A simple video capture application using DirectShow

In the previous article in this series, I did a summary of the basic components of DirectShow: filters, filter graphs and pins to connect the elements together, and how we can identify them using the GraphEdit tool of the SDK. In this article I will show how to build a "simple" application to capture and playback video using the interfaces provided in DirectShow, a subset of the COM distributed object model from Microsoft.

As a starting point, I have based this demo on the open source project Touchless SDK, which I have simplified as much as possible to focus only on video capture and playback.
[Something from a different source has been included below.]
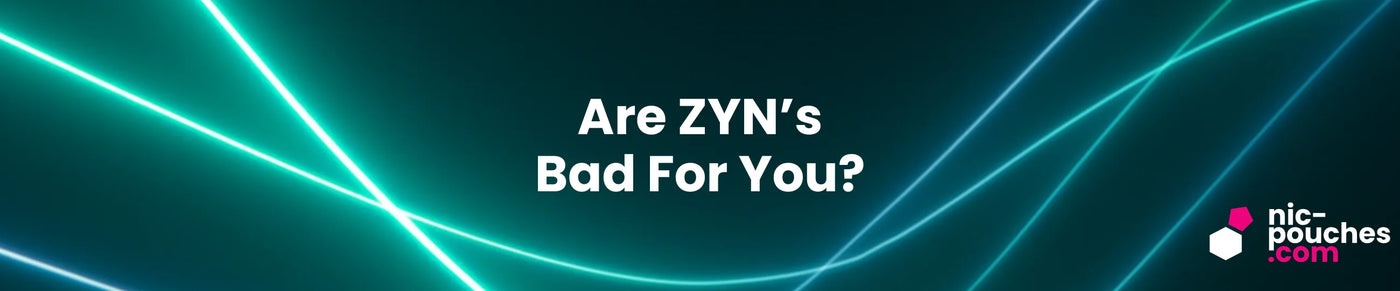 Are ZYN Bad For You? Blog Banner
In this link you can download the DirectShowDemo project, written with Visual Studio 2013.

The project consists of a Windows Forms application written in C# and a library of functions written in C++, which is a modification of the WebCamLib.dll library of the Touchless project that allows a greater number of video sources, including file playback.
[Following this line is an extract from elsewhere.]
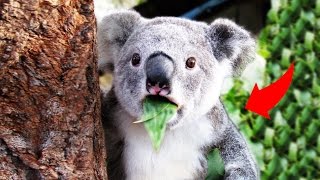 THIS ANIMAL KILLS PEOPLE... - Reacts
The COM objects are uniquely identified by a CLSID (class identifier), and they implement a set of interfaces also uniquely identified by an IID (interface identifier). To instantiate a particular object you have to use the CoCreateInstance function, providing a class identifier and the identifier of the interface with which you want to see the object.

All the COM interfaces are derived from the generic IUnknown interface, through which you can see the instantiated object with a different interface using the QueryInterface function. You can see any COM object as a generic object, similar to the object type, through the IMoniker interface.

From this point of view, each filter is an object with a different class identifier that implements the interface IBaseFilter, a generic graph filter is another object of the FilterGraph class that implements the IGraphBuilder interface, to which you can add different filters by using the AddFilter function, as I did in the previous article with the GraphEdit tool.

The COM functions return the results as a code called HRESULT that indicates whether the call was successful or an error code if failed. This can be checked using the SUCCESS macro.

Get the list of cameras present in the system

Let's see first how to list the different video capture devices installed on the system. In the VideoCamLib library there is the RefreshCameraList function that performs this job.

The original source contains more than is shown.